Vin: So, I am Vin Moscardelli and I do direct the Office of National Scholarships and Fellowships. We’re the office that works with students who competing for nationally competitive awards. Some of which folks have probably heard of, things like the Fulbright or maybe the Rhodes.

What’s interesting about our office is that this office actually exists at a lot of universities, but it’s often housed in like an honors program or an honors we’re part of enrichment programs, which means that we serve the entire university community. All graduate students and undergraduates and students at all of the campuses as well.

Right now we have two people. on our staff. Our assistant director is Dr. Michael Cunningham. Mike’s an engineer by training who then got his PhD in history. He had a Fulbright himself to Italy as a graduate student here at UConn, and so he’s our Fulbright program advisor and is doing amazing work as he begins that job.

He started actually last July after our previous assistant director, Luanne Saunders Canabay, retired. So it’s a really interesting time in the in the office. We used to have three people, and now we’re two. And so we’re really trying to figure out exactly how to do that work with two people going forward.

As you said, I direct the Office of National Scholarships and Fellowships, and we’re the office that works with students who are competing for nationally competitive awards, some of which you might have heard of, things like the Fulbright, things like the Rhodes.

Our job is to work with those students to help identify them, help make students aware of the opportunities that are available, to advise them, to help them with feedback on drafts of essays and applications and things like that, and really just more generally to build the fellowships culture here on campus.

Kelsie: Awesome. So, what is your educational background and how did you end up teaching at UConn?

Vin: So, it’s kind of an interesting story. I started my career as an assistant professor of political science at the University of Massachusetts up in Amherst, but my wife got a job at UConn back in 2001. So at one point along the way, the opportunity to pursue something here at UConn became available and we pursued it.

And it was wonderful for us because we consolidated our, educational background. lives in a lot of way.
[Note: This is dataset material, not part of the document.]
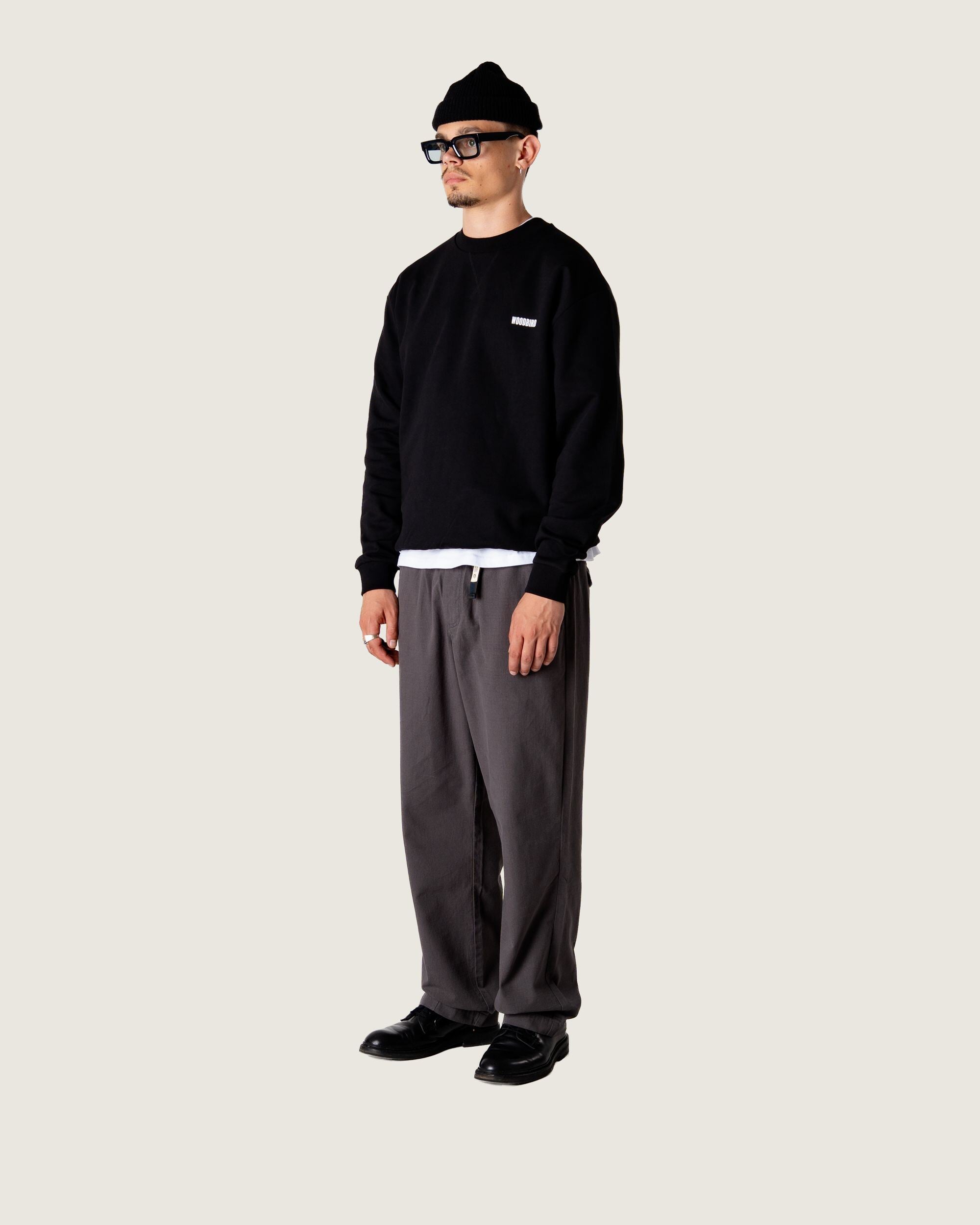 Woodbird WBCane Ming Crew Sweats Black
So it’s really been nice to be part of the Storrs community. And then in about 2016, I had the opportunity to, explore, to pursue this position.

And I jumped on that opportunity. I was really pleased when it worked out.
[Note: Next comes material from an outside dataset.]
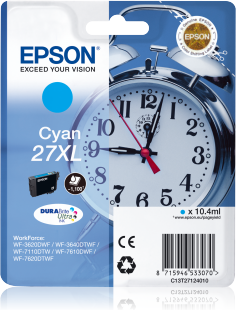 Genuine Epson Alarm Clock 27XL Cyan Cartridge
Izzy: I always think it’s really unique when someone goes from a career like political science into your like position now, because it’s such a different, landscape, I imagine, from what you did before.

Vin: It is, you know, I had a taste of some of this back at UMass. I was a departmental honors coordinator for a department that had about 800 majors or so, and really got a lot of energy out of that work and really enjoyed working with the students. And at some point along the way it just became clear, you know, you reach a point in your life when you’re like, why should I be spending all my time on things that don’t give me energy when I have an opportunity to pursue something that would allow me to spend my days doing things that do give me energy?

And that’s the lesson we try to talk to our students about. as well. You know, find those things that really excite you, that really give you energy. And so I get to work with some extraordinary students, get to work with some of the most generous faculty, staff, and administrators on campus, and also get to sort of interact with folks in the community who are working in the various capacities that our students are interested in.

So it’s really just a fantastic way. I mean, there are parts of the old job I miss, there’s no doubt about it. but this is really fantastic work.

Izzy: Sounds like you have almost as good a job as me.

Vin: Almost.

Izzy: So, going back to the national scholarships and fellowships, there’s so many. How do you match students with their perfect scholarship?

Vin: Yeah, you’re right about that. In terms of the, there’s no single list of national scholarships and fellowships. There are databases that we encourage our students to look into, but there’s no single comprehensive list. So a lot of this really is. Trying to focus our efforts on ones that we believe are really valuable, ones that have been around for a long time.

But really, for us, the key is helping make students aware of just the opportunity that’s out there, and then to focus on fit. And that word you use is really important, right? It’s really all about fit for these awards. And so different foundations, different funding agencies are looking for different things.

Sometimes they’re looking for students who have this really enormous leadership profile. Other times they’re looking for folks who plan to aspire to be the next generation of great research scientists. It’s really all about. fit. And so we try to make these opportunities available to students, point them in the direction.

We promote particular opportunities, but really we try to get students to do a lot of this work. And then we work with them as they develop their applications. Because sometimes many of these require us as an office to nominate students. Sometimes there’s a limited number of nominations that we’re allowed and we’re the office that administers that.

Other times we can nominate as many people as we want or endorse as many people as we want, but we still have to go through that campus process.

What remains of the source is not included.